By Ben Liu and Roland Li,
Inside the Davis Islamic Center, multiple chandeliers hang from the ceiling and light blue symbols decorate the otherwise plain white walls. As six men pray, the only sound from inside is the ticking of the clock and the occasional voice of the prayer leader, Ahmed Youssef.
“I think it would be difficult for the government to accommodate for all religions,” Youssef said. “The main worship day is Friday for Muslims, Saturday for Jews and Sunday for Christians.”
One of the men attending the prayer is UC Davis student Rafay Syed. Syed takes part in the daily prayer at the Davis Islamic Center whenever he can.
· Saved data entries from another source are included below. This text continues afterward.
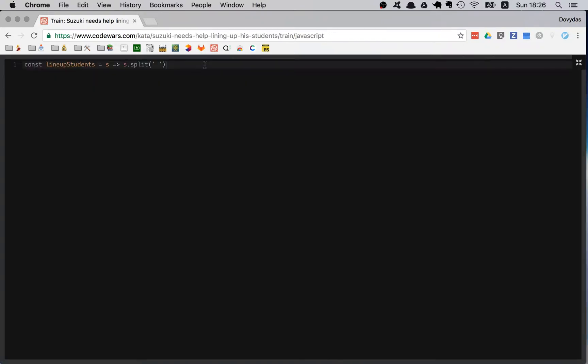So right now I have an array. Arrays are easier to work with and luckily we have to return an array, so basically we just have to do one more thing: sort.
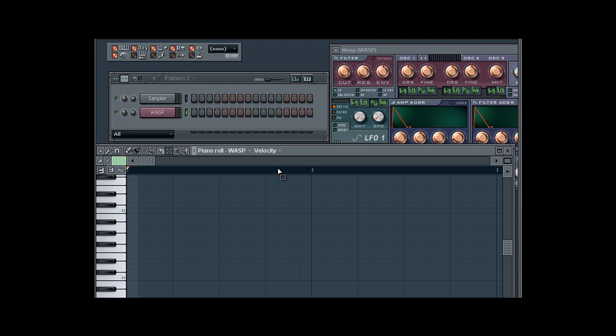Now for those who don't know, quantization is the alignment of musical notes or events to a predefined perimeter like quarter notes, eighth notes, sixteenth notes, and so forth. Let's get into it.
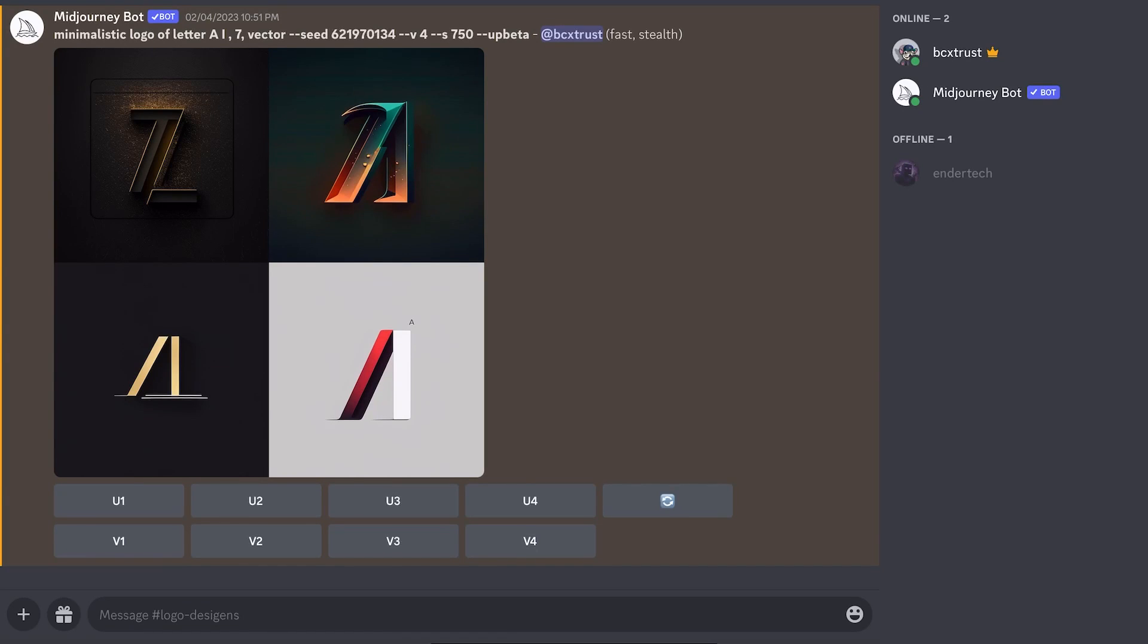Hi and welcome to today's video. Today we're going to look at how you can create a stunning logo in MidJourney. So let's get started.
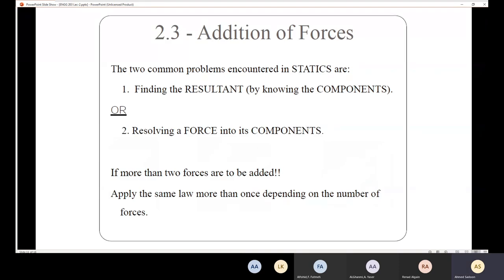In statics, we face two common types of problems regarding force addition. Either we find the resultant from its components, or we have the resultant and need to resolve the force into its components. So the two problem types are: given components, calculate the resultant; or given the resultant, calculate the components.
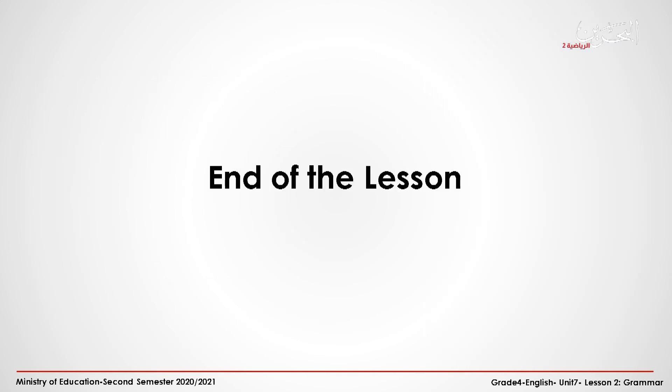Well done, my dear students. Our lesson has come to an end. Looking forward to our next lesson. Goodbye.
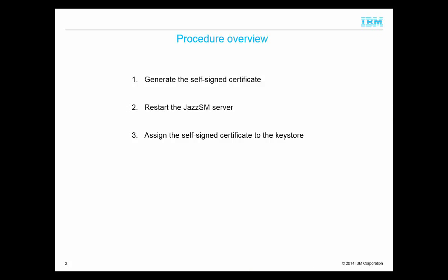Here's the overview of the procedure. First we'll generate the self-signed certificate so that it can be added to the keystore. Then reboot the JazzSM server. After that, we'll add the generated self-signed certificate to the keystore.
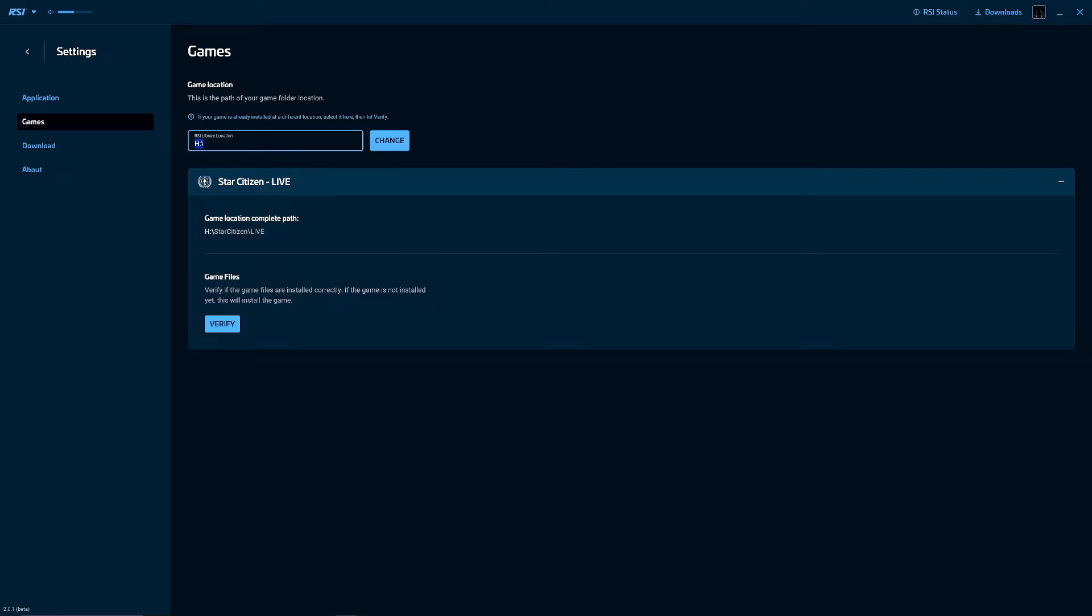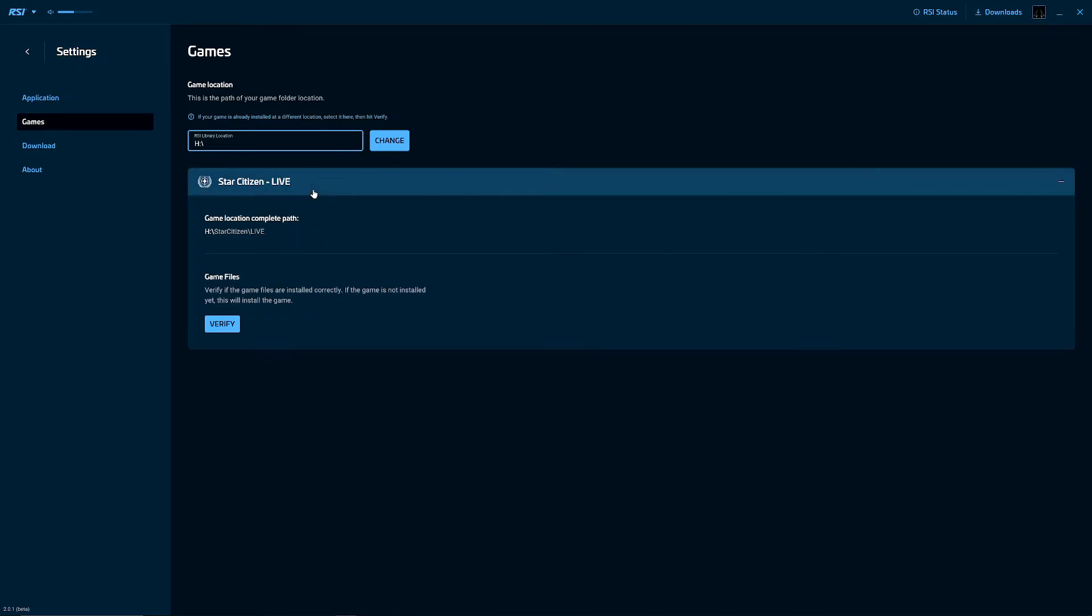Because what's going to happen is if you create a folder - like what I did was I created a folder called Star Citizen in the H drive and then I selected that as the library location, and then it installed it in Star Citizen slash Star Citizen slash Live. So that was giving me the problem. Make sure there's nothing after H.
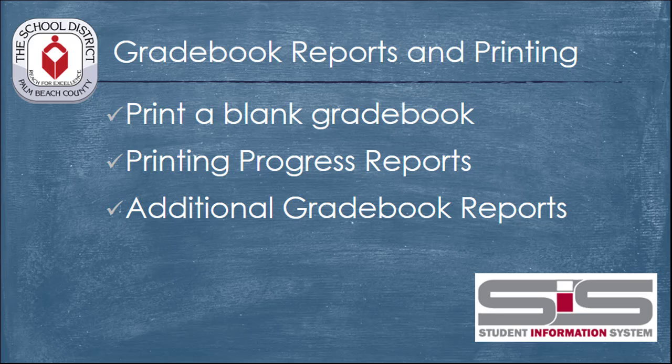There are a number of useful printing functions that are included within the SIS gradebook. These functions allow you to print a blank gradebook, allow you to print progress reports, and also allow you to view additional information and print reports about the assignments in your class.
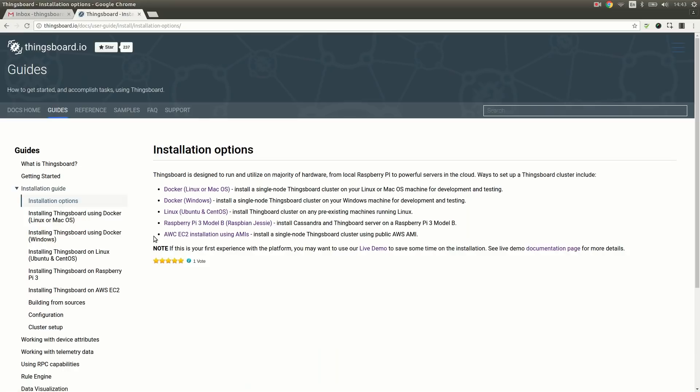However, the platform was designed to be able to scale and support millions of devices. That is why you are also able to install Synxport in cluster mode. You can find installation instructions on the corresponding documentation pages. And these instructions are also attached in the video description.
“For the lead prayer, people skip class,” Syed said. “It’s not usually a big deal unless there is a midterm or something like that.”
The different worship days rarely cause problems for Davis High students, but it is a different case during holidays.
Christmas, Eid al-Adha and Yom Kippur are the major holidays of the year for Christians, Muslims and Jews, respectively. However, only one of these holidays is observed by many schools: Christmas.
For Muslim sophomore Ali Buzayan, being devoted to religion can sometimes causes problems at school.
“Some religious activities conflict with school,” Buzayan said. “I have to miss school sometimes, but I’m OK with it. I have to make up school stuff, but its only a day’s worth. It’s not that bad.”
Buzayan isn’t the only one with conflicts between religious activities and the school schedule. After taking a day off of school for Rosh Hashanah this year, Jewish sophomore Skyler Mikalson was bombarded with three makeup tests when he came back.
“It’s not fair that there is a two-week Christmas break for one big commercialized holiday, but not my religion,” Mikalson said. “I didn’t make up a test in time. My chemistry teacher had already passed back the tests and he had to write a new test for me. He seemed mad.”
The school schedule doesn’t only affect Muslims and Jews; observant students from all religions may have to decide between their education and their religious activities.
According to the Interfaith Calendar, there are seven Islamic holidays, eleven Hindu holidays, five Buddhist holidays and thirteen Jewish holidays that fall on a school day this year, as well as dozens more major and minor holidays of several other faiths.
Sophomore Marissa Wong attends the Sacramento Buddhist Church regularly. As a part of the Junior Young Buddhist Association, she goes to temples to attend seminars, but these are not held during the school week.
“I don’t really have any problems during the school year,” Wong said. “The only Buddhist holiday I really celebrate is Obon, which is during the summer.”